Exercise — From the entries below, return only the lines starting at the one that contains "DengFengLai unicorn-ice-cream pattern" and ending at the one that contains "SIZE:M 140-260701-io-15-fuzh 万代Net店", exactly as they stand.
(Beginning of Records for the task)
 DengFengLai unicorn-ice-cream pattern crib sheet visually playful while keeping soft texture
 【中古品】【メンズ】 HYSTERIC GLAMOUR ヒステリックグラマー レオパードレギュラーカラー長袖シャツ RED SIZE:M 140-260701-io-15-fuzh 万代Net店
(End of Records for the task)
(Beginning of Records for the task)
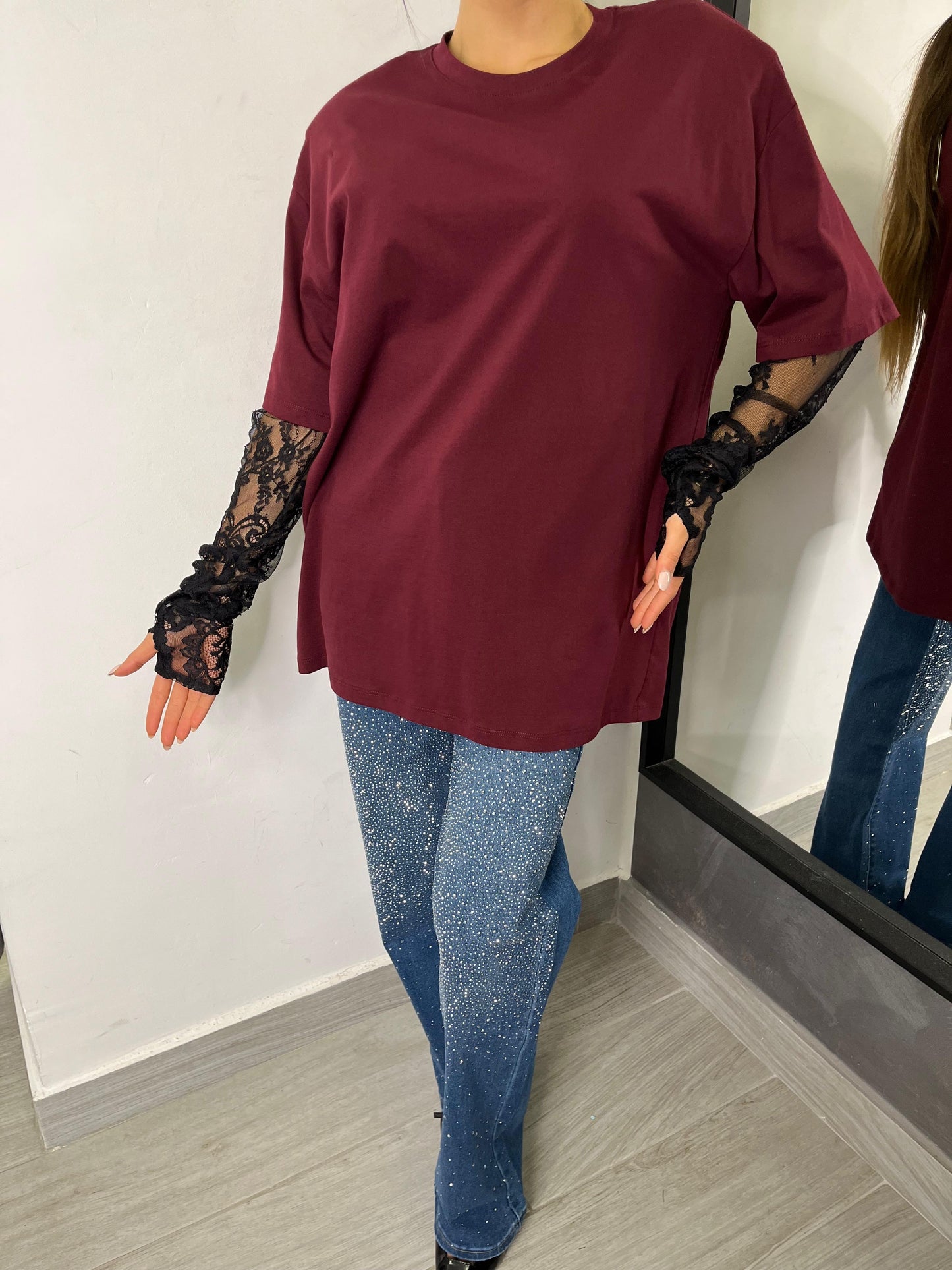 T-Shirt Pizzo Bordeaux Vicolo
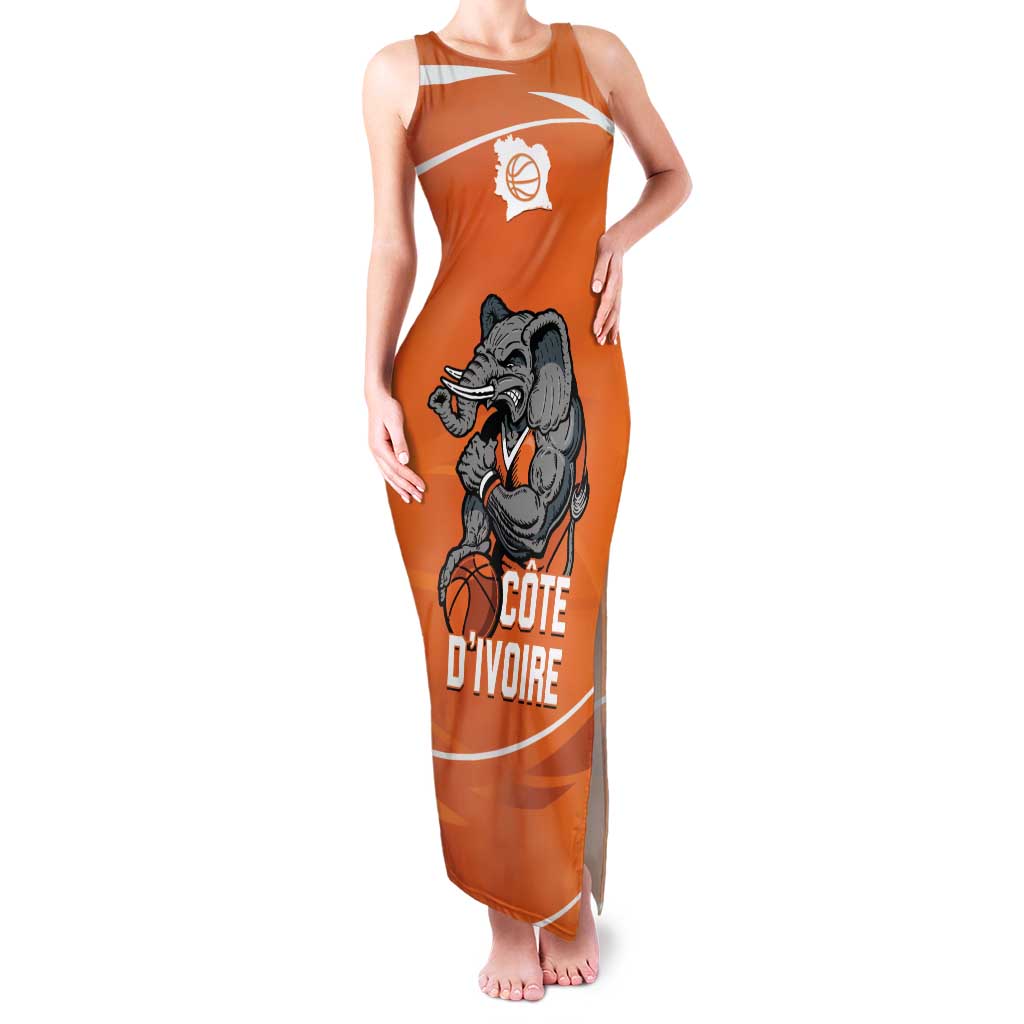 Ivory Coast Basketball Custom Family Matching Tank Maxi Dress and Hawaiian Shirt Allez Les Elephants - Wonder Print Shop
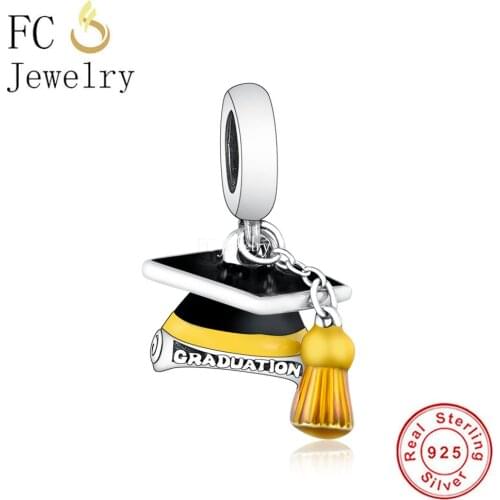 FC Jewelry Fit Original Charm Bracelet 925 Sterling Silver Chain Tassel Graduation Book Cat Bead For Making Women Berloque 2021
(End of Records for the task)
(Beginning of Records for the task)
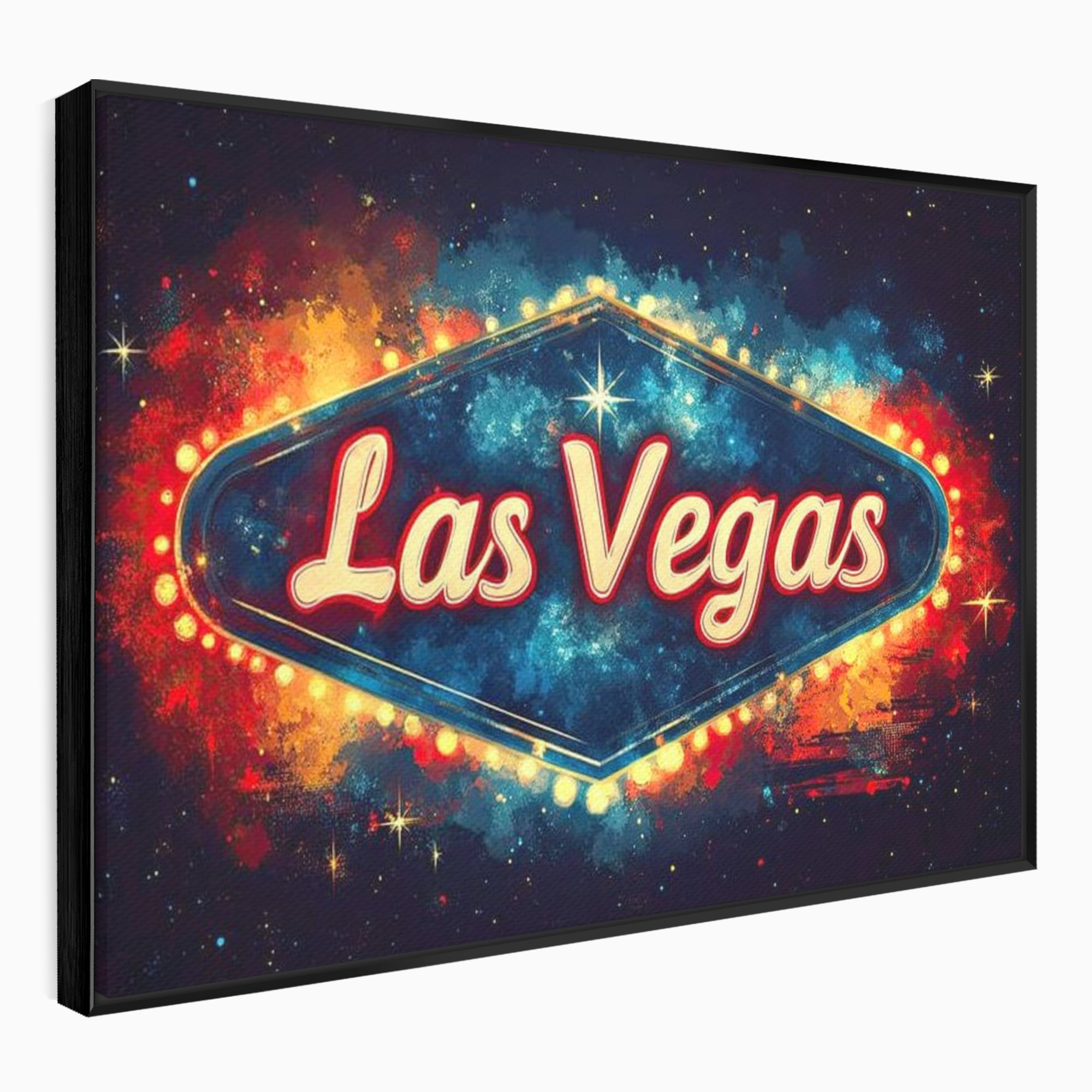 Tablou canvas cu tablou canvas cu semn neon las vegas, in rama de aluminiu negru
(End of Records for the task)
Response to this task —
 DengFengLai unicorn-ice-cream pattern crib sheet visually playful while keeping soft texture
 【中古品】【メンズ】 HYSTERIC GLAMOUR ヒステリックグラマー レオパードレギュラーカラー長袖シャツ RED SIZE:M 140-260701-io-15-fuzh 万代Net店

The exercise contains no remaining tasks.